In an ideal world, the CEO of Westpac New Zealand would like to see house price growth remain on hold for the next few decades.
Speaking at a Trans-Tasman Business Circle breakfast in Auckland on Wednesday, David McLean said: “What we think New Zealand needs is a long period - maybe 20 or 30 years - of zero house price inflation, combined with steady growth in other parts of the economy.”
He said this would “gradually correct” housing unaffordability without igniting the economic carnage that a big price downturn would cause.
Furthermore, it would “gradually ween New Zealanders off the conviction - which is entirely justified because it’s been reinforced by economic evidence over the last 50 years - that investing in the housing market carries by far the best risk/reward of any asset class”.
McLean recognised achieving zero house price inflation during a sustained period of economic growth would be difficult; requiring a range of tough-to-implement measures and attitude changes from the public.
He said Europe had to some extent achieved this, but noted Europeans’ attitudes towards housing and their tenancy rules enabled them to essentially be renters for life.

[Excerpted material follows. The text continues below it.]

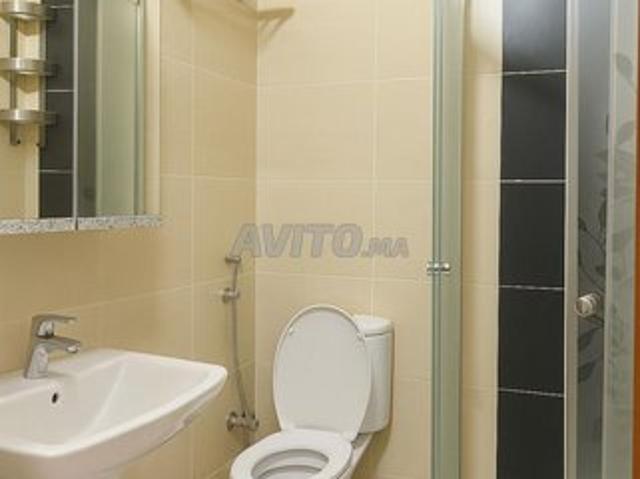 Appartement location à Agadir, Oued ed Dahab-Lagouira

He recognised it was hard to see a complete transformation in thinking and approach in New Zealand.
“What we can do is work on the obvious problems of supply and demand.”

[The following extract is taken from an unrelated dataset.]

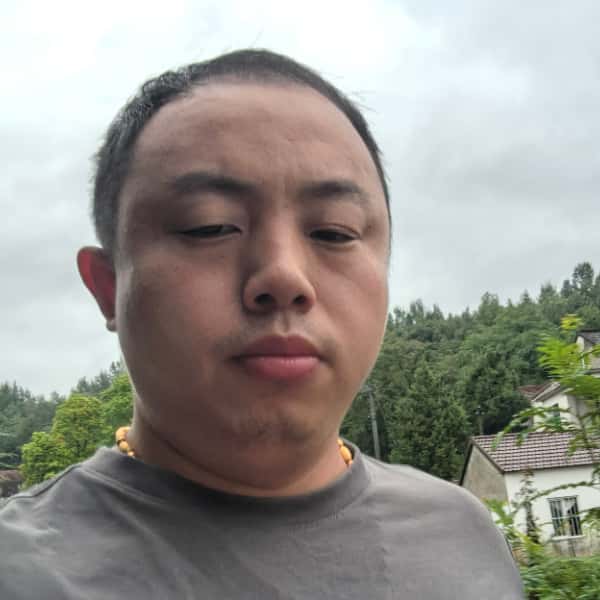 安徽32岁单身帅哥真诚找对象-吉州征婚相亲网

McLean noted recent government policy changes aimed at taking the heat out of the demand side of the market, namely property investors being required to have a 40% deposit, the foreign buyer ban, and the extension of the bight-line test from two to five years.

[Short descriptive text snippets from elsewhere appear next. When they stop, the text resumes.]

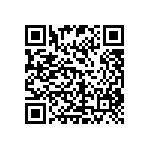 C0201C100D3GACTU QRCode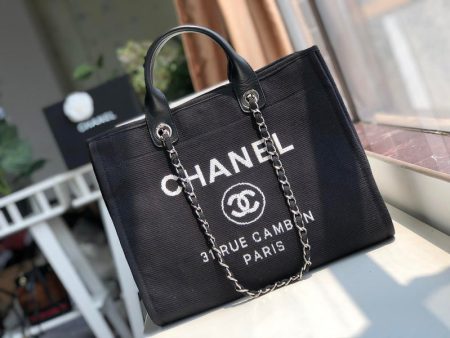 BC - CHANEL Bags - 380 For Cheap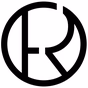 Old Fashioned Radio -  Rock logo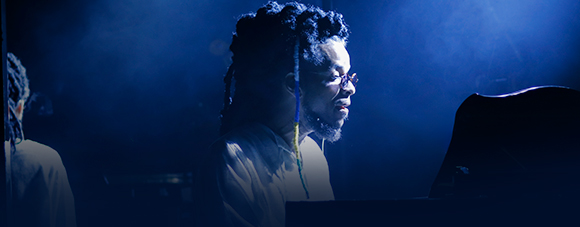 SERGGIO TORRES – CANÇÕES E MOMENTOS – HOMENAGEM A MILTON NASCIMENTO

“It’s a bit too soon to tell what long-term effect these will have,” he said.
“House price growth has definitely cooled [see graph below], but we don’t yet know whether this is a structural change or whether the market is just temporarily pausing for breath.”
McLean talked about the social impact of the median house price in Auckland being 8.8 times the median household income, noting the difficulty young people have getting on the property ladder and workers being able to afford to live in Auckland.
“It’s contributed to an increasing gap in wealth between those who own property and those who don’t.
“It also has wider distortionary economic effects. For example, by locking up a lot of the nation’s savings in housing, rather than letting it flow to other asset classes such as the stock market or funds management, where it can be recycled to businesses who need capital.”
Shared equity loans
While the government is exploring shared equity models with banks, McLean said Westpac was writing a “small but increasing number of shared equity loans for families purchasing their first homes”.
Westpac has partnered with the NZ Housing Foundation and is talking to a number of iwi about shared equity lending.
“The shared equity is provided to the family at a level that ensures the family can afford to meet the mortgage payments at the start based on their current income," McLean said.
“We’re keen to support this concept. We think it’s got potential for further growth.”
McLean also noted the Welcome Home Loan scheme, whereby Housing New Zealand can underwrite home loans issued by selected banks so that first home buyers only need a 10% deposit.
He said draw-downs on these loans in the last summer season were up 159% from the previous year.
Turning to the supply-side, McLean said there was also much that could be done around the supply of land, the speed at which housing can be constructed, consented and built, and the need for densification.
“As a country we also need to modernise the way we build houses,” he said.
McLean noted a pilot Westpac is running whereby it’s financing the building of six prefabricated houses. He said the aim was to roll this out more widely later in the year.